What is needed is an exact reproduction of the lines in the records below, starting at the line with "Julianna Rae Robe" and ending at the line with "2001 Upper Deck", both included, and nothing else; pictures stay out.

MATERIAL FOR THE TASK Block Start

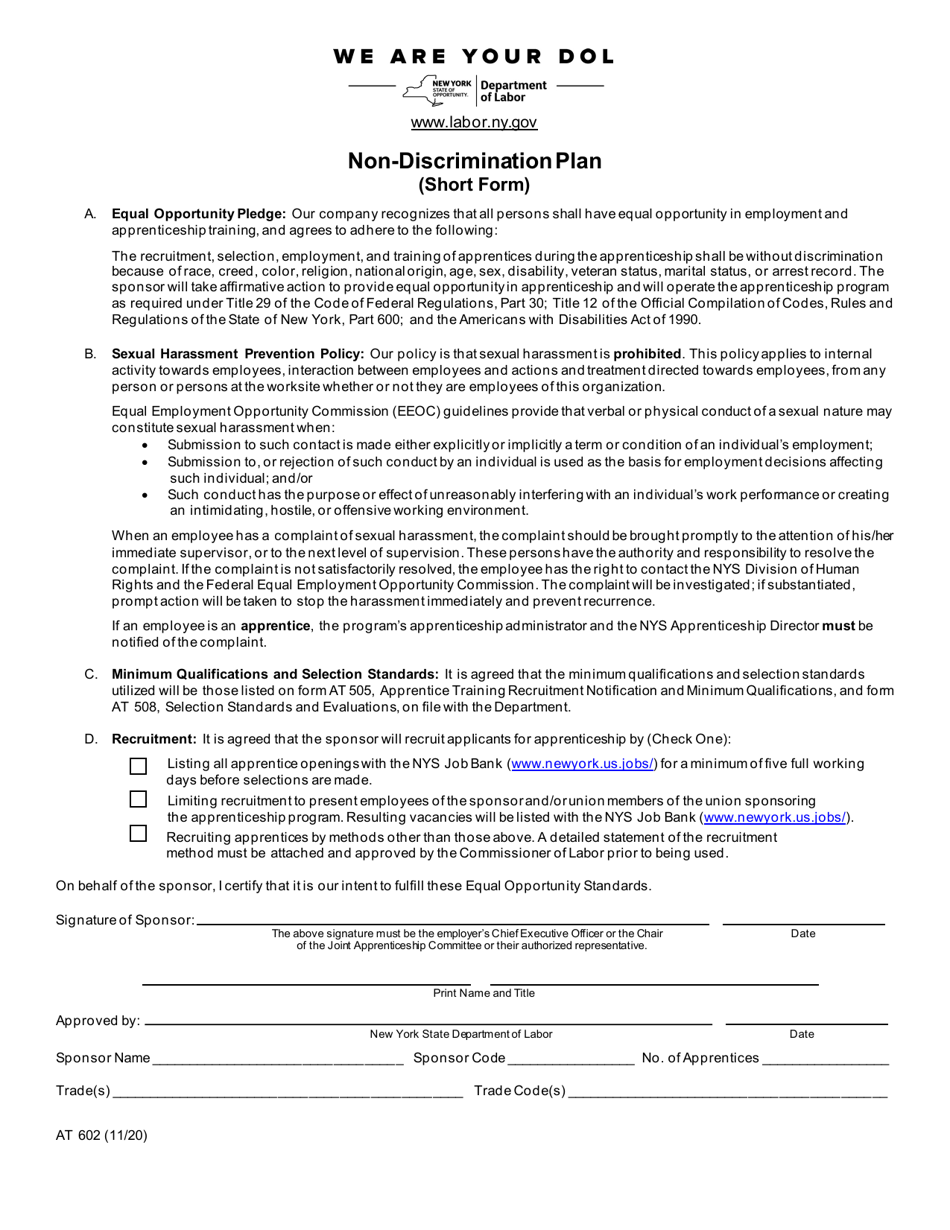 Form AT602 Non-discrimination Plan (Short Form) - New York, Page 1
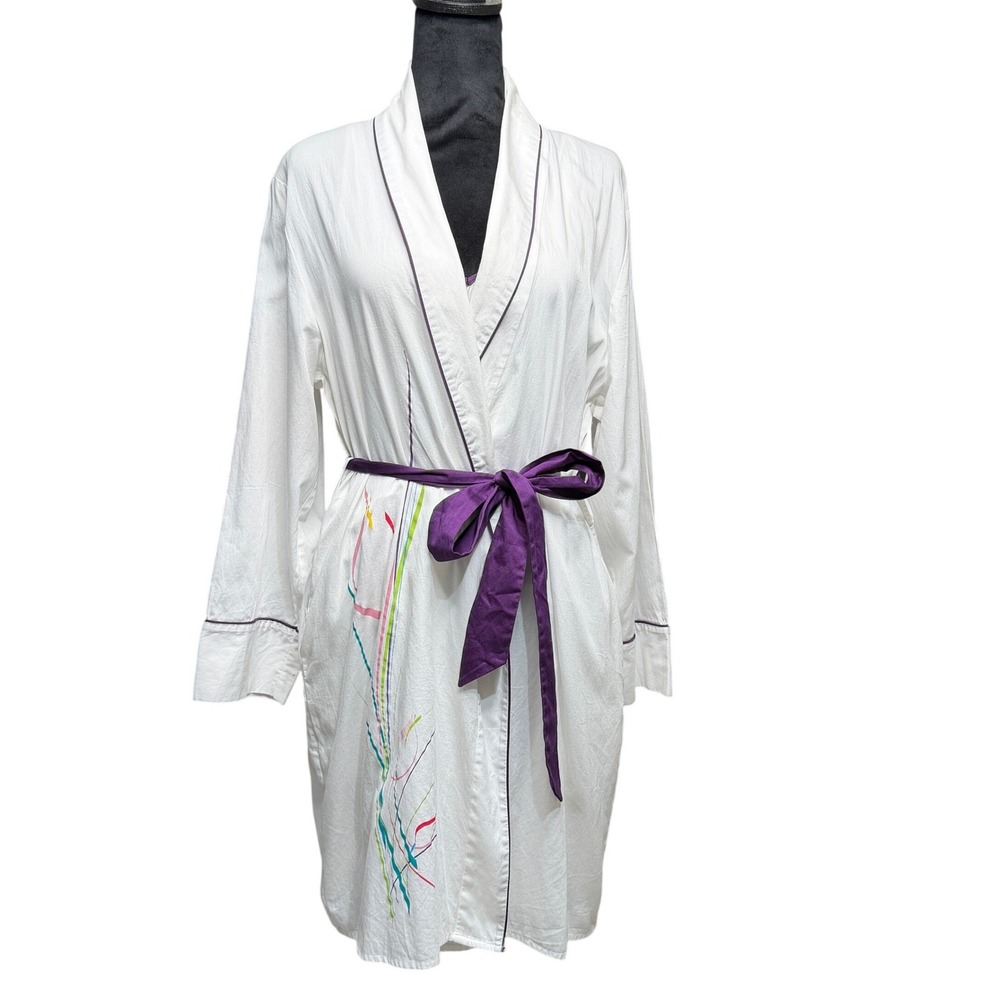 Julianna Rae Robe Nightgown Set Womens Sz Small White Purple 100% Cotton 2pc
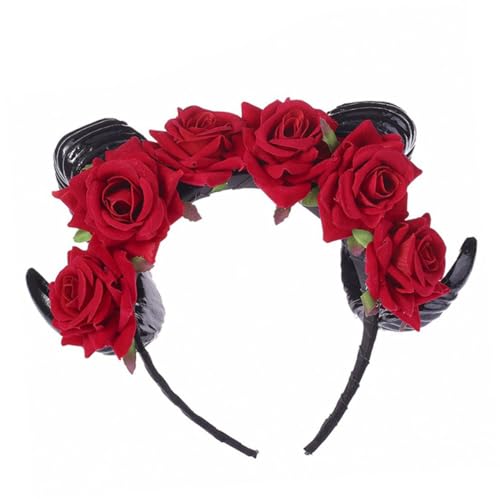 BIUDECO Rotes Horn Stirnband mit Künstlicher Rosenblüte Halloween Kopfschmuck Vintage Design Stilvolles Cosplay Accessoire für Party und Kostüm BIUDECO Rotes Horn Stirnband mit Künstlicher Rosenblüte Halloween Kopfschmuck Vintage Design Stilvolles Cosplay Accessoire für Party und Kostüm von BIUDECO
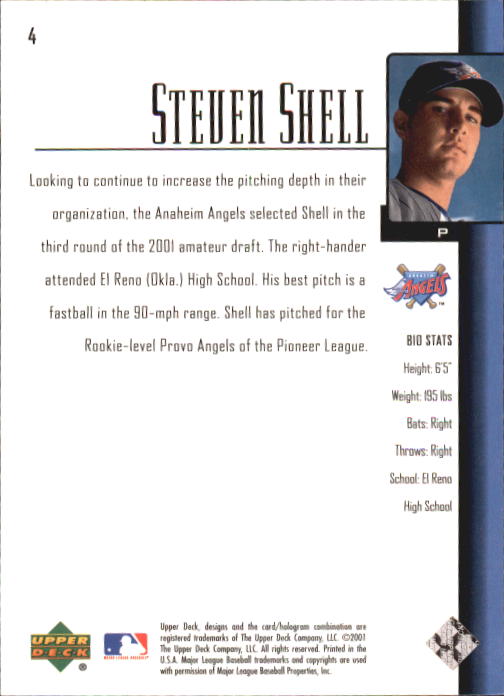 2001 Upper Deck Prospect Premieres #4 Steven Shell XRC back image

MATERIAL FOR THE TASK Block End
MATERIAL FOR THE TASK Block Start

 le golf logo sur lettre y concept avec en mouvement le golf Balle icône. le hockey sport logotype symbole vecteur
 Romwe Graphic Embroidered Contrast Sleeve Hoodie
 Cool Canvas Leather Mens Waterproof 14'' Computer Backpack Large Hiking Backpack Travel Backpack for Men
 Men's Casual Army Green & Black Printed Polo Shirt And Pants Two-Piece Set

MATERIAL FOR THE TASK Block End
MATERIAL FOR THE TASK Block Start

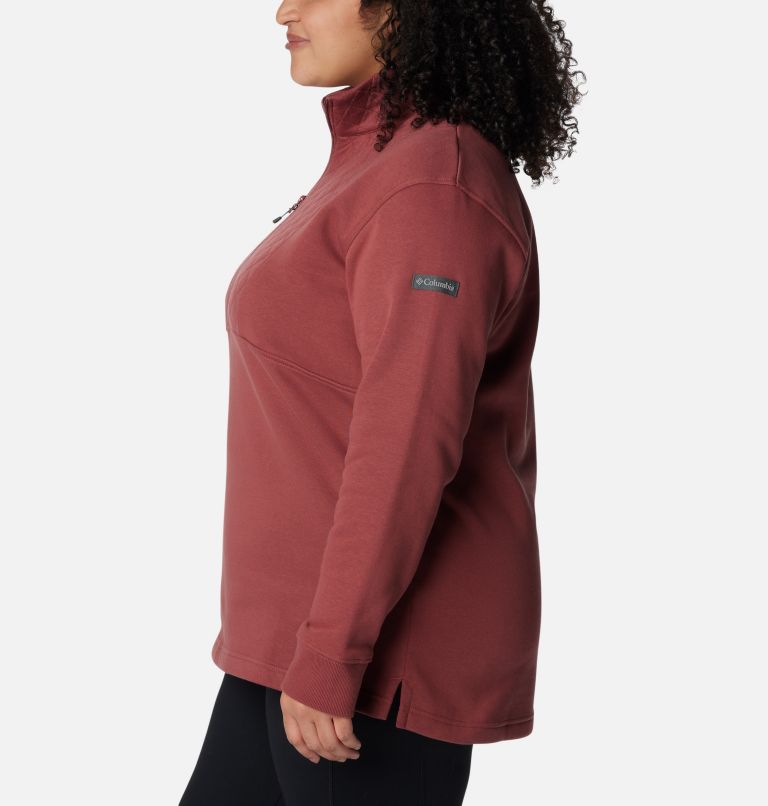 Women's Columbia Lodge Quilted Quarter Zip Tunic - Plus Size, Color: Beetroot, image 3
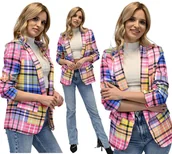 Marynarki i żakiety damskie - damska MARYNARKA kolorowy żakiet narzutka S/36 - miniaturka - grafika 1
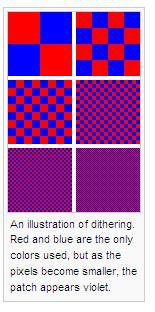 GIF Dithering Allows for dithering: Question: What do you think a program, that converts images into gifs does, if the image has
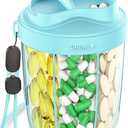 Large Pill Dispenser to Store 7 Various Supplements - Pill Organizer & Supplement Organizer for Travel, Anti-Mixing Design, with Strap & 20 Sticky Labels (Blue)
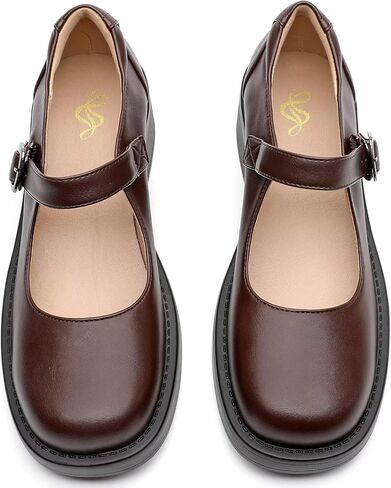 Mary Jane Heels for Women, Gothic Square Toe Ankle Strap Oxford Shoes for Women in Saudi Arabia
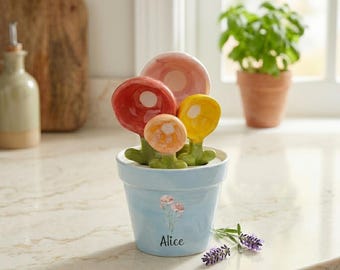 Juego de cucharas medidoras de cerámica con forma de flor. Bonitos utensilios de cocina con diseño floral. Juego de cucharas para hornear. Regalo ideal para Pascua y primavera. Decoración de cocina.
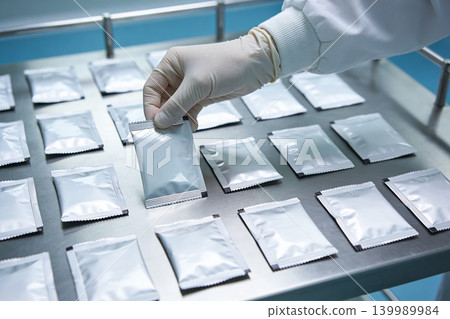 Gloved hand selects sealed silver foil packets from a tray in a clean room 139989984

MATERIAL FOR THE TASK Block End

= TASK OUTPUT =
 Julianna Rae Robe Nightgown Set Womens Sz Small White Purple 100% Cotton 2pc
 BIUDECO Rotes Horn Stirnband mit Künstlicher Rosenblüte Halloween Kopfschmuck Vintage Design Stilvolles Cosplay Accessoire für Party und Kostüm BIUDECO Rotes Horn Stirnband mit Künstlicher Rosenblüte Halloween Kopfschmuck Vintage Design Stilvolles Cosplay Accessoire für Party und Kostüm von BIUDECO
 2001 Upper Deck Prospect Premieres #4 Steven Shell XRC back image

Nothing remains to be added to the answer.